Several parameters can be fine-tuned. 

- profile cut-off levels (-l option)

  Most profiles contain several cut-off levels. The level 0 cut-off is the
  trusted cut-off for positive matches, but a level -1 is usually defined above
  which a match is potential, especially if there are other matches in the
  sequence with the profile. By default, pfscan is run with the cut-off
  level 0, so that only trusted matches are reported. To retrieve potential
  (weak) matches as well, run ps_scan with the option "-l -1". Weak matches
  are then reported with the indication "L=-1".

- skip frequently matching patterns (-s option)

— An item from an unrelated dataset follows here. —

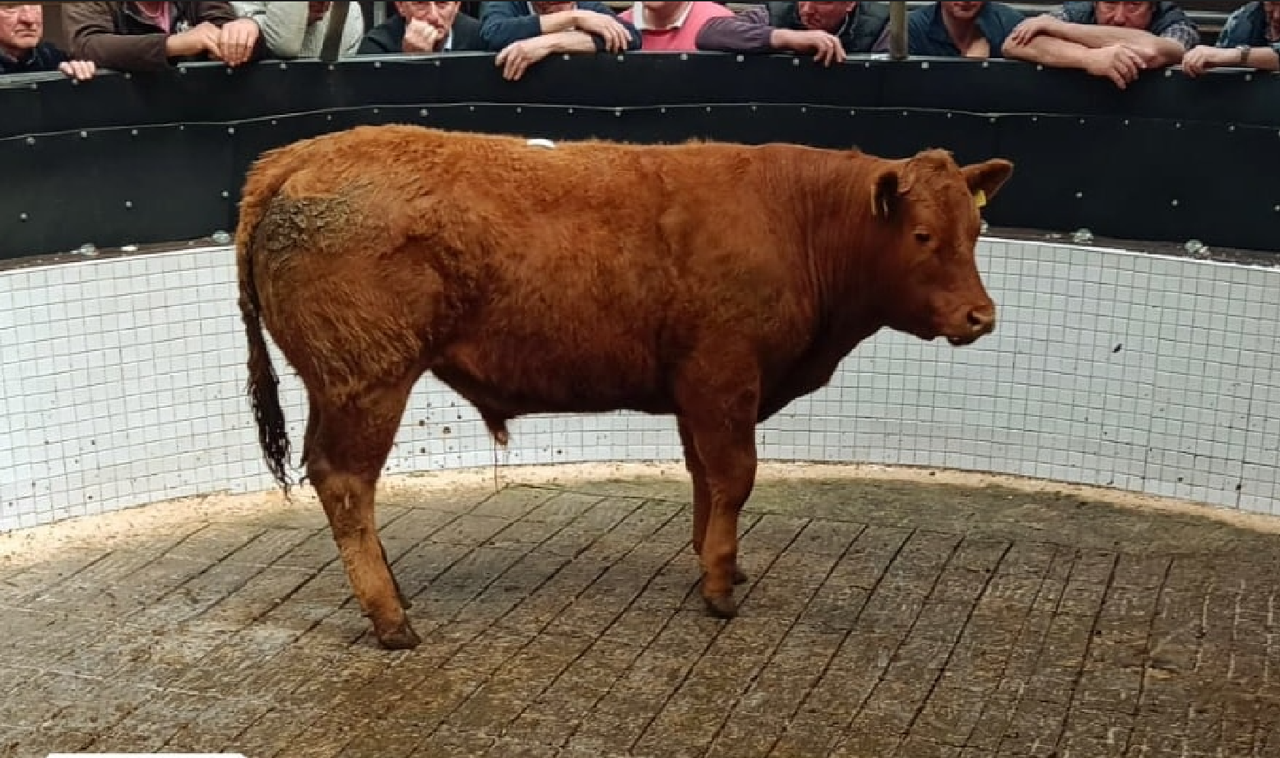 Bullocks over 500kg average €2.83/kg at Ballinrobe Mart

  Some PROSITE entries such as those describing commonly found post-
  translational modifications (a typical example is N-glycosylation) are found
  in the majority of known protein sequences. While it is generally useful to
  note their presence, some programs may want, in some cases, to ignore those
  entries, which contain the line "CC   /SKIP-FLAG=TRUE;".

Pattern match mode:

- pattern greediness off (-g option)

  A pattern-matching engine is said to be "greedy" if it tries to extend at
  most variable-length pattern elements. The sequence "ABCDC" and the pattern
  "A-x(1,3)-C" will produce the match "ABCDC" with a greedy engine, and the
  match "ABC" with a non-greedy one. By default, PROSITE is scanned in greedy
  mode, unless the -g option is set.

- overlaps (-v option) and included matches (-i option)

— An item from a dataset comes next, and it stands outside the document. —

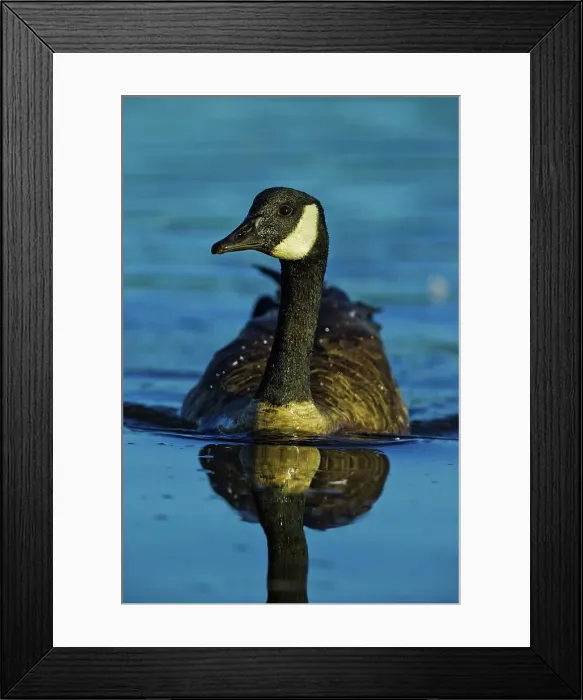 Framed Print : Canada, British Columbia, Vancouver Island Framed Print : Canada, British Columbia, Vancouver Island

  Some patterns may produce distinct but overlapping matches on a given
  sequence.  Additionally, if the pattern contains variable-length elements,
  some of these matches may be completely included in another one. Different
  combinations of -g, -v and -i options may produce differences in match count
  and match positions with patterns that contain variable-length elements. An
  engine which allows overlaps should be greedy in order to reduce the number
  of multiple hits which are almost entirely overlapping except at the
  extremities.

- treatment of X characters in sequences (-x option)

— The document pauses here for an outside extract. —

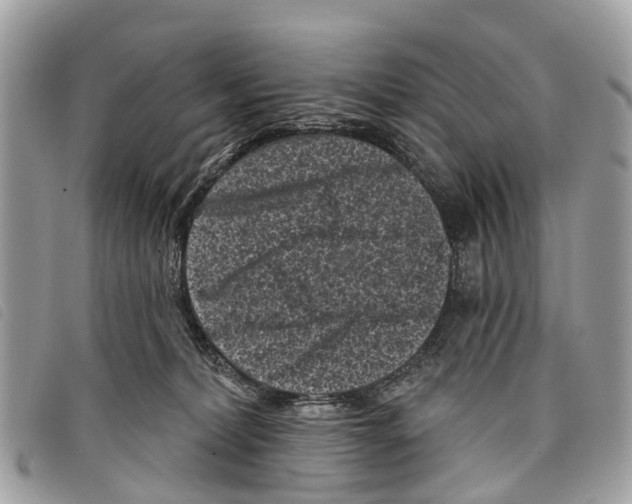 X0000097850228200804111136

  The PROSITE syntax describes how to treat ambiguities in the pattern, but not
  how to handle ambiguities in the sequence. In rare sequences in Swiss-Prot
  and other databases, the characters B and Z are used according to IUBMB
  nomenclature when a residue may be either Asp or Asn, or Glu or Gln,
  respectively. The ps_scan program will produce a match if the sequence has a
  "B" and the pattern allows either a "D" or a "N", or both (and similarly for
  Z).

  Whether the character X should be allowed to match any position of a pattern
  is more controversial. It is generally useful to accept a single pattern
  position to match X (unless that pattern position is an X itself, in which
  case we can accept more). The maximum number of X characters which are
  allowed to match a non-X position in a pattern can be specified with the -x
  option. The default value is 1.

Examples
--------

examples :

scan 1 sequence with 1 pattern
perl ps_scan.pl -p PS00123 seq.dat
perl ps_scan.pl -p "P-S-[QW]" seq.dat

scan 1 sequence with all prosite, including profiles
perl ps_scan.pl seq.dat

scan 2 profiles or patterns against swiss-prot
perl ps_scan.pl -p PS00123 -p PS00124 sprot.dat

scan all patterns and rules against swiss-prot
perl ps_scan.pl -r sprot.dat

scan a profile file against a sequence file
perl ps_scan.pl -d profile.prf sprot.dat

License
-------

The ps_scan program and the Prosite.pm module are Copyright (C) 2001-2006, 
Swiss Institute of Bioinformatics. They are released under the
terms of the GNU General Public License, available at
http://www.gnu.org/copyleft/gpl.html.

This program is free software; you can redistribute it and/or modify it under
the terms of the GNU General Public License as published by the Free Software
Foundation; either version 2 of the License, or (at your option) any later
version.

This program is distributed in the hope that it will be useful, but WITHOUT ANY
WARRANTY; without even the implied warranty of MERCHANTABILITY or FITNESS FOR A
PARTICULAR PURPOSE.  See the GNU General Public License for more details.